Topmanager André Leysen über ...

Gevaert-Chef Leysen moniert Schwächen der Unternehmenskontrolle

... die Effizienz deutscher Aufsichtsräte

In deutschen Aufsichtsräten ist eine fruchtbare Diskussion schwierig. Arbeitnehmervertreter und Kapitaleigner stimmen fast immer en bloc ab. Der Druck ist sehr groß, mit seiner Gruppe zu stimmen, auch wenn man Vorbehalte hat. Wenn der deutsche Aufsichtsrat sich irrt, dann irrt er sich eben einstimmig.

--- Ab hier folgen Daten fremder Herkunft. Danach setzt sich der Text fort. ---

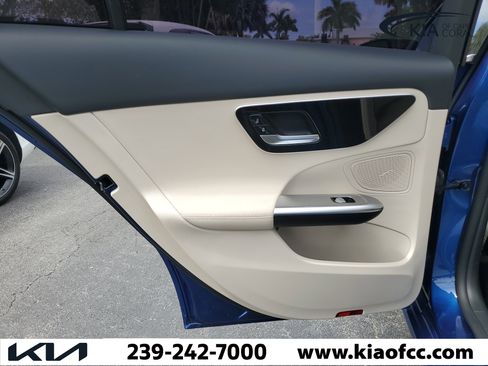Used 2023 Mercedes-Benz C 300 Sedan image 12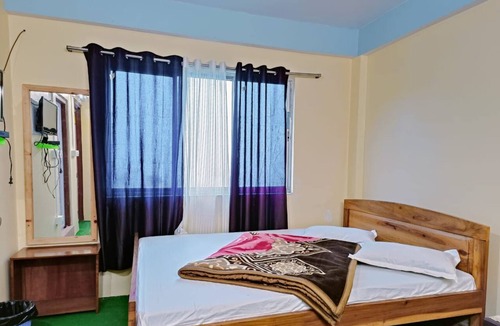 Lava House | Sherpa Residency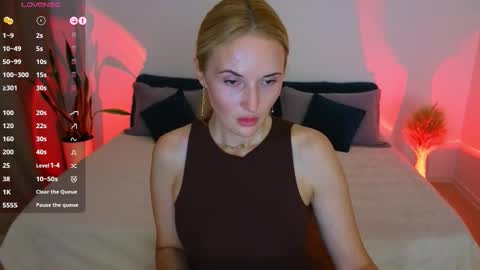 Snapshot of alisssarose chatting on 8, 10, 2025 alisssarose online show from 8, 10, 2025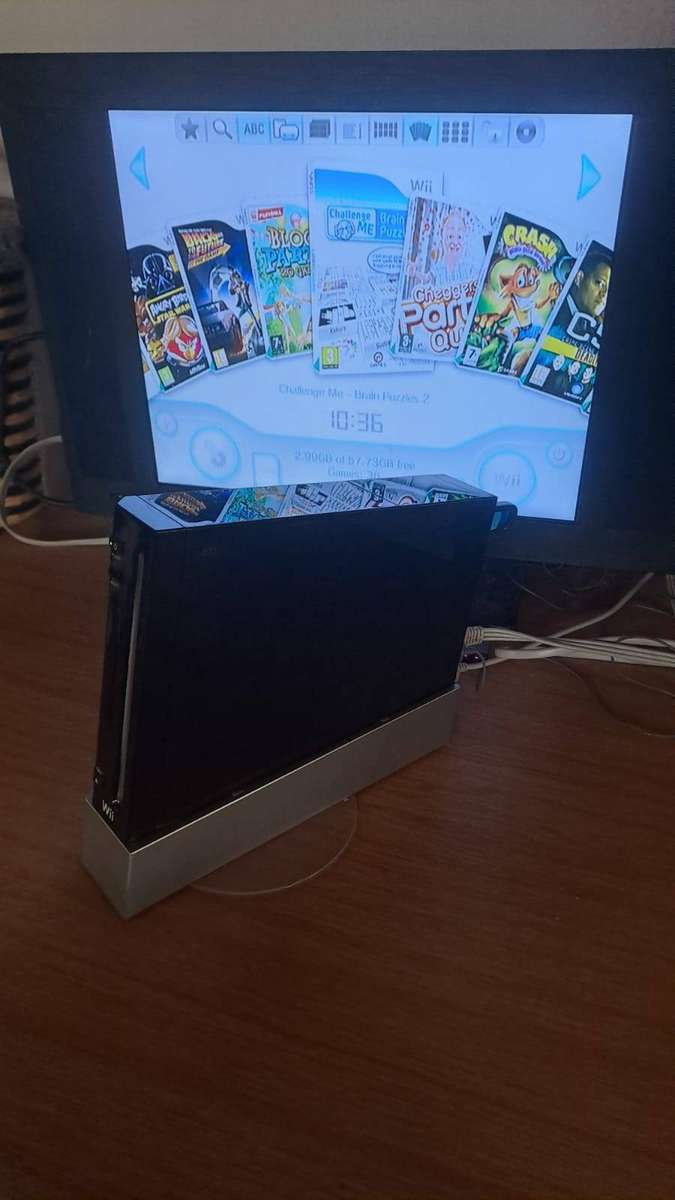Modded Nintendo Wii Console + 36 preloaded games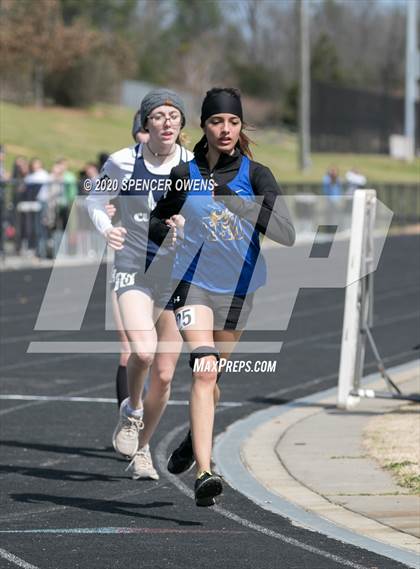 Thumbnail 1 in YC Winborn Preseason Invitational photogallery.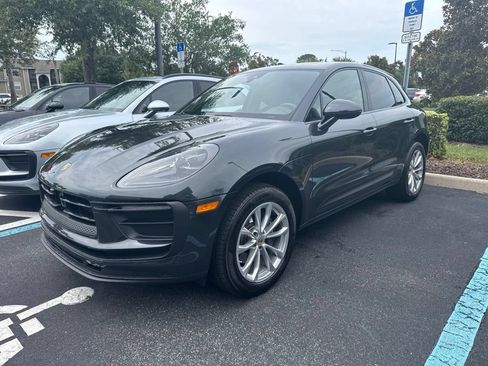 Certified 2026 Porsche Macan AWD/4WD image 1
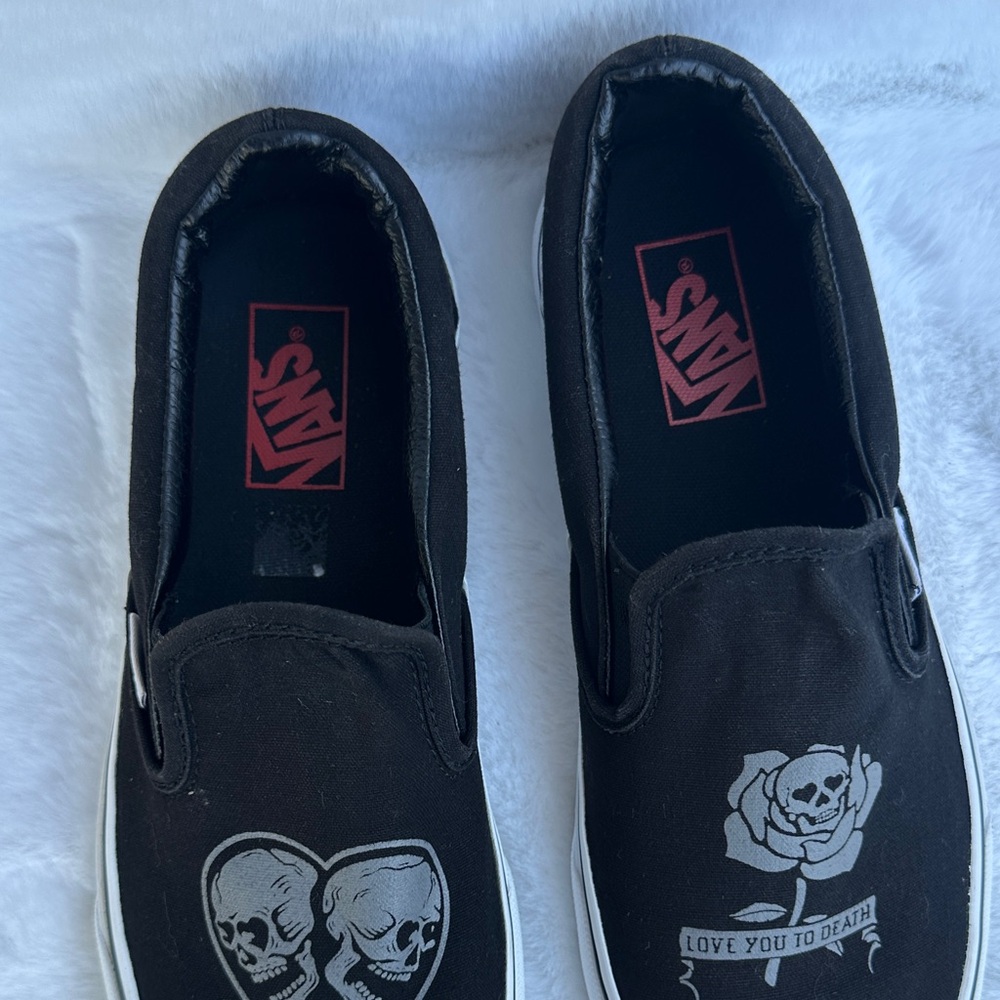 Unisex Vans Black Skull Slip-On Sneakers - Picture 4 of 12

... die Haftung der Kontrolleure

Es kommen sehr schnell angelsächsische Usancen auf Deutschland zu. Jeder einzelne Aufsichtsrat kann dann für Fehlentscheidungen haftbar gemacht werden, falls er nicht die nötige Sorgfalt angewendet hat. Als Konsequenz aus dem verschärften Haftungsrecht legen viele Leute in Frankreich und Belgien freiwillig ihre Aufsichtsratsmandate nieder; sie wollen die Verantwortung und das finanzielle Risiko nicht mehr tragen.

... Anregungen für eine bessere Aufsichtsratsarbeit

Die so genannten Vorbesprechungen, in denen Arbeitnehmer und Kapitalvertreter getrennt beraten, sollten aufgewertet werden. Jeder muss dort seine Bedenken äußern und auch schriftlich niederlegen können. Das einzelne Mitglied kann so seine Bedenken ventilieren und trotzdem die Loyalität der Gruppe respektieren.

... das Vorbild Holland

In holländischen Aufsichtsräten herrscht eine professionellere Dialogkultur. Die Kontrolleure tagen öfter. Die Gremien werden gezielt nach unterschiedlichen Fähigkeiten zusammengesetzt: Man sucht sich jemanden fürs Internationale, einen Personalfachmann und natürlich auch einen Finanzexperten. Aber anders als in Deutschland gibt es in Holland nie mehr als einen Bankenvertreter im Aufsichtsrat.